La terrible et éclairante effervescence des gilets jaunes était aussi porteuse de beaucoup de dépit républicain. Puisque Emmanuel et Brigitte Macron battaient froid un certain peuple négligé parce que socialement invisible, on allait attirer leur attention sur lui. Bien au-delà du dissentiment politique, cette singularité que je juge détestable, car induisant inévitablement, à partir d’elle, un narcissisme présidentiel et dramatiquement solitaire, est la raison principale de ma déception. Comme si nous étions des laissés-pour-compte.
Conscience un peu condescendante d’être uniques
C’est à cause de cela que le président n’a jamais su ni voulu rassembler. Le seul rassemblement qui ait du sens, qui justifie sa vie, qui vaut la peine d’être porté à son comble chaque jour est celui qu’avec son épouse il crée, et tant pis pour les pisse-froid qui jugent une telle sentimentalité excessive et pour tout dire, aussi élégante qu’elle veuille apparaître, un peu vulgaire.

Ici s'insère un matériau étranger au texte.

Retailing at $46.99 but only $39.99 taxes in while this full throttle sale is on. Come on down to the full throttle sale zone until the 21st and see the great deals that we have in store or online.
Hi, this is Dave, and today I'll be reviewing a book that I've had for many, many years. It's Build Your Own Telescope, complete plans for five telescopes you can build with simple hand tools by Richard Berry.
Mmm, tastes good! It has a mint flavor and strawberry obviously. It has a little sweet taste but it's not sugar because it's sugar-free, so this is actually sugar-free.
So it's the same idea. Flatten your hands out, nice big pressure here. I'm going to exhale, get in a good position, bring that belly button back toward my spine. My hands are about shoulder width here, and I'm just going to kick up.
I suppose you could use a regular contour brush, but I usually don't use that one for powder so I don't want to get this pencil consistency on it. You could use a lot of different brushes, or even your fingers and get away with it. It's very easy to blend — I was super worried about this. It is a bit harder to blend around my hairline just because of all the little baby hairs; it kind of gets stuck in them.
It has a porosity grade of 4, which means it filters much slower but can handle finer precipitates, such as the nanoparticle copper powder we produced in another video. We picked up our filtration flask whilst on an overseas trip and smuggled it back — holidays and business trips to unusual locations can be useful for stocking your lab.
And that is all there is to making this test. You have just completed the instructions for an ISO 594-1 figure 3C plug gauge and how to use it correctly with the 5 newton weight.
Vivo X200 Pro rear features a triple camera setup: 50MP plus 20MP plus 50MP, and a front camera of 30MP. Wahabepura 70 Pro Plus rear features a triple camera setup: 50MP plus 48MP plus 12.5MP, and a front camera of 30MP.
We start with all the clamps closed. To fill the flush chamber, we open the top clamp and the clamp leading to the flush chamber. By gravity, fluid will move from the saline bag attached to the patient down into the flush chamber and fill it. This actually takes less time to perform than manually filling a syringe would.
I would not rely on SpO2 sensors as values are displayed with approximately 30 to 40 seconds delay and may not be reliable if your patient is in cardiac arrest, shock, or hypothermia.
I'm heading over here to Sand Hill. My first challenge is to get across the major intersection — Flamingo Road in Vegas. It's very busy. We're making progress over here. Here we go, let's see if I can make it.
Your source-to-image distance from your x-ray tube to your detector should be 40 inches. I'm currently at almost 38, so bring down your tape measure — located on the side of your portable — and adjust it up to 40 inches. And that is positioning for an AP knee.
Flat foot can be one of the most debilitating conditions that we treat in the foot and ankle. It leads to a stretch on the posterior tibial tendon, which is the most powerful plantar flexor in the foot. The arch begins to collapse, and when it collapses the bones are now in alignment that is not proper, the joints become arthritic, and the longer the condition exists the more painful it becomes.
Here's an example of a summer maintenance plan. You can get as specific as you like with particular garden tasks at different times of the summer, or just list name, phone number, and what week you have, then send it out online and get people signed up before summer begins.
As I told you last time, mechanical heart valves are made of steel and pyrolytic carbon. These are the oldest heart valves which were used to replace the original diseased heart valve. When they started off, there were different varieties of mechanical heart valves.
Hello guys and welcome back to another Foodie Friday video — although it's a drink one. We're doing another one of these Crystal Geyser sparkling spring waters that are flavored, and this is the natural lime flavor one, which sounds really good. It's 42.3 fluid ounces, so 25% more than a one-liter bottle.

On pourrait me rétorquer que mon billet aurait pu concerner tous les couples présidentiels mais la réplique est trop aisée. Je n’évoque même pas les bruits de divorce, les multiples mariages, liaisons, infidélités, inconstances et virilités surjouées qui, à partir de Georges Pompidou, n’ont jamais pu inspirer aux citoyens la moindre jalousie. Ils avaient pu être de médiocres ou de bons présidents mais jamais aucun d’eux ne nous avait donné l’impression de nous oublier parce qu’il était trop heureux et que son couple pesait plus que tout le reste.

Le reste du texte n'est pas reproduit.